The new wave of tech-savvy transportation network companies such as Uber and Lyft were supposed to change this, but their records are mixed. While they do offer a better booking system, the report notes that wait times can be significant, and service isn’t available in all geographic areas. Not every car and driver that works for these companies is equipped and trained to help those with disabilities, and in a recent court case, Access Living of Metropolitan Chicago et. al v. Uber Technologies Inc., the company argued that it’s a technology company and not a transportation provider, and thus it isn’t bound by the requirements of the ADA.

Lack of reliable transport access costs everyone. The talent of millions is kept from fully participating in the workforce and civic life. A study by the Research Alliance for Accessible Voting that examined the 2012 election found that 3 million more American with disabilities would have voted if they participated at the same rate as the population as a whole, with transportation being a key deterrent. The Ruderman/SAFE report also found that roughly 4.3 million Americans with a disability face significant hurdles getting a ride to their medical appointments. The situation would apply to many older Americans with limitations that prevent them from fully participating in society.

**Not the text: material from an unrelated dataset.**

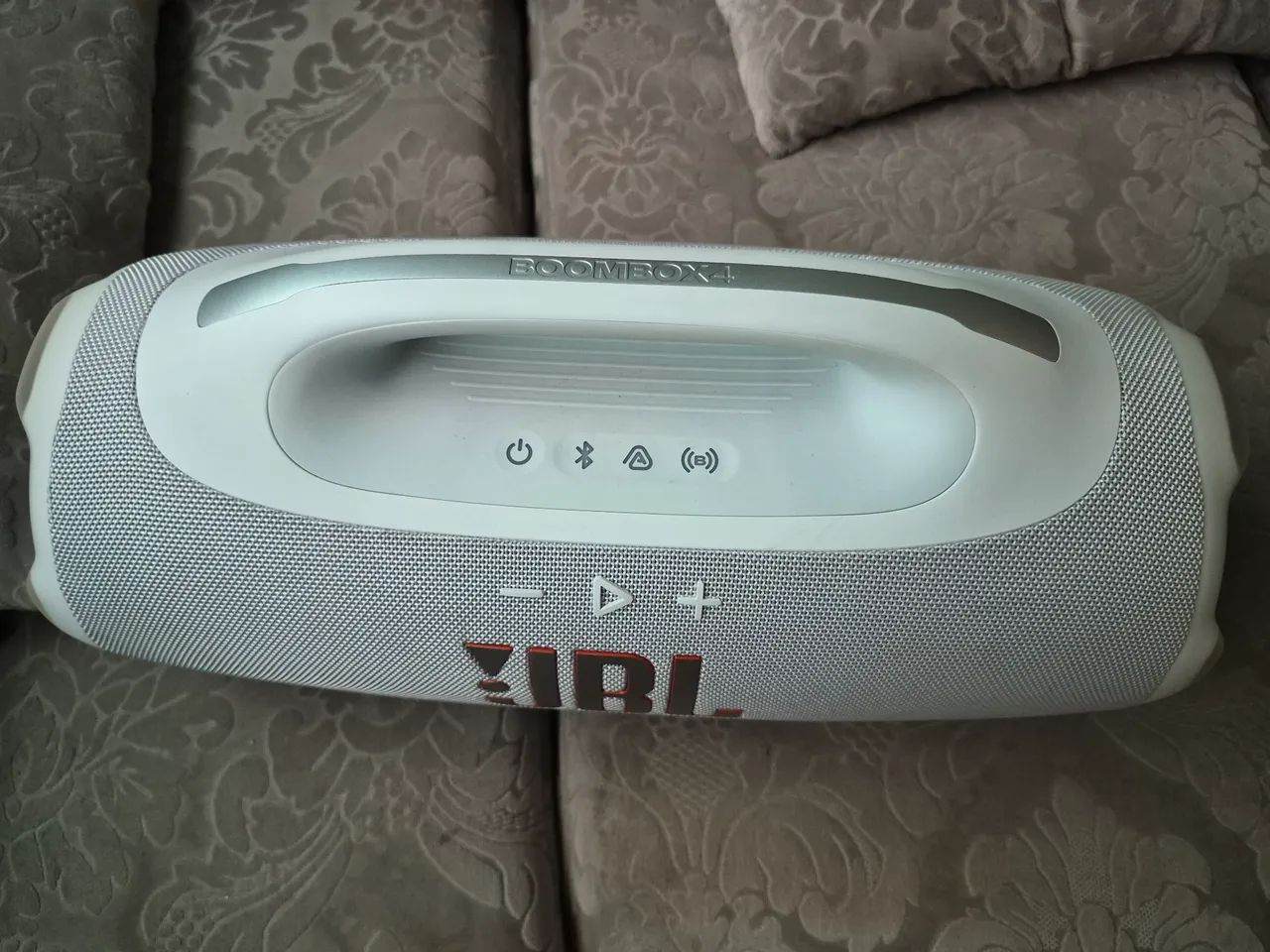 Bombox 4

One of the most important steps to building a more equitable transportation system is making sure technology companies keep riders with disabilities in mind during the design phase. This means using the principles of universal design, which advocate for solutions that work for every driver, to create wayfinding and passenger seating that work for everyone. Navigation should includes braille and voice-activated options for those with hearing and sight issues, and simplified controls and directions for developmentally disabled riders. Seating should be able to accommodate riders with wheelchairs. On current model cars, the cost to outfit a vehicle for accessibility can range from $20,000-$80,000 dollars, a prohibitive amount, even when factoring in some government loan programs. The coming age of autonomous vehicles offers a chance to redesign cars and trucks with all riders in mind.

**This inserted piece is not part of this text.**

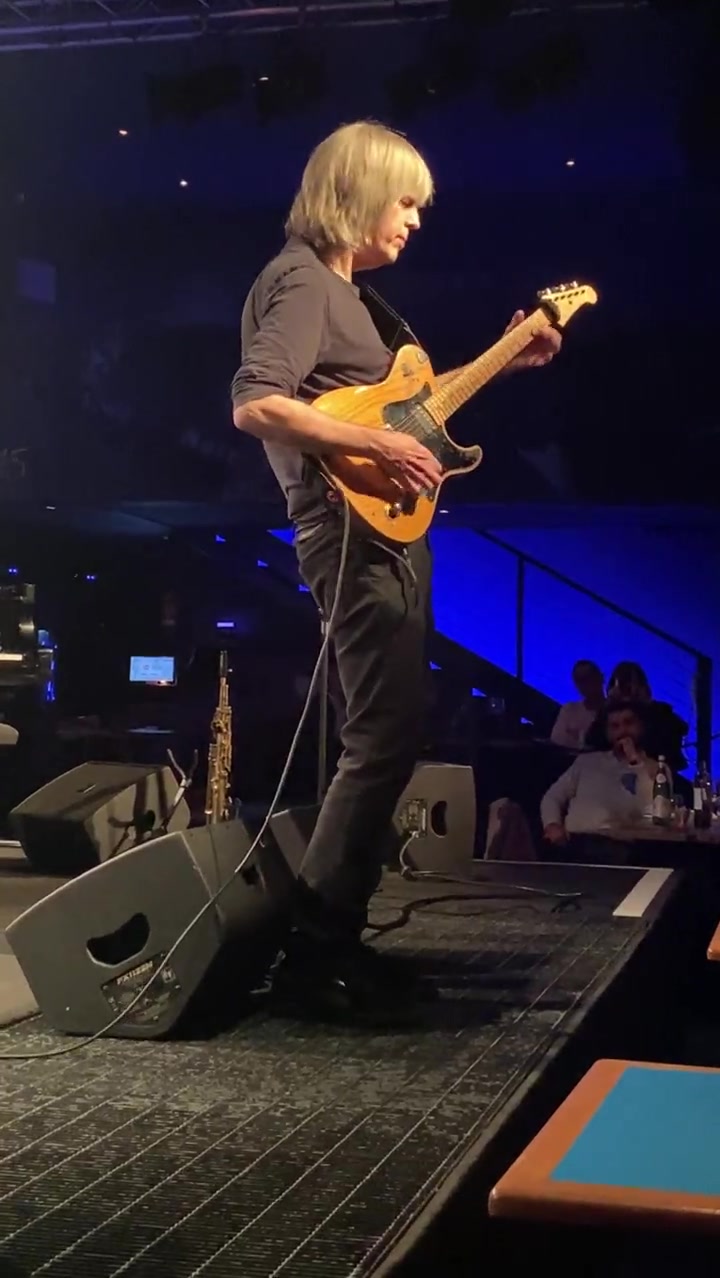 mike stern 在 blue note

On the policy side, it’s important to make sure legislators don’t pass regulations for self-driving cars that would require a licensed driver to be in the vehicle. This step would cut off the ability of drivers with disabilities to take advantage of the independence this technology can offer. In the Department of Transportation’s recent release of self-driving vehicle guidelines, the government specifically noted that licensed drivers shouldn’t be required for fully autonomous vehicles, but advocates need to make sure any future state and federal regulations take this issue into account.

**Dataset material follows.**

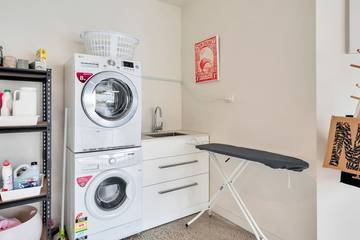 Holiday Home for 12 People in Auckland, Auckland Council, Photo 1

While fully autonomous private or shared vehicles offer the best solutions, even smarter shuttle systems or high-tech ridehailing service would provide benefits. Many experiments, tests, and prototypes have already been designed, or are being developed, to work with this wide and diverse community. At Fort Bragg, the U.S. Army has been testing a autonomous golf cart-like vehicle, called the Cushman Shuttle, that would transport veterans to the medical clinic for care. Google recently tested a self-driving car in Austin with Steve Mahan, a driver who had lost 95 percent of his sight. He could tell, just be feeling the way the car handled the road, that it was a safe driver. But more importantly, he understood the possibilities this ride foreshadows.

“This is a hope of independence,” he told The Washington Post. “These cars will change the life prospects of people such as myself. I want very much to become a member of the driving public again.”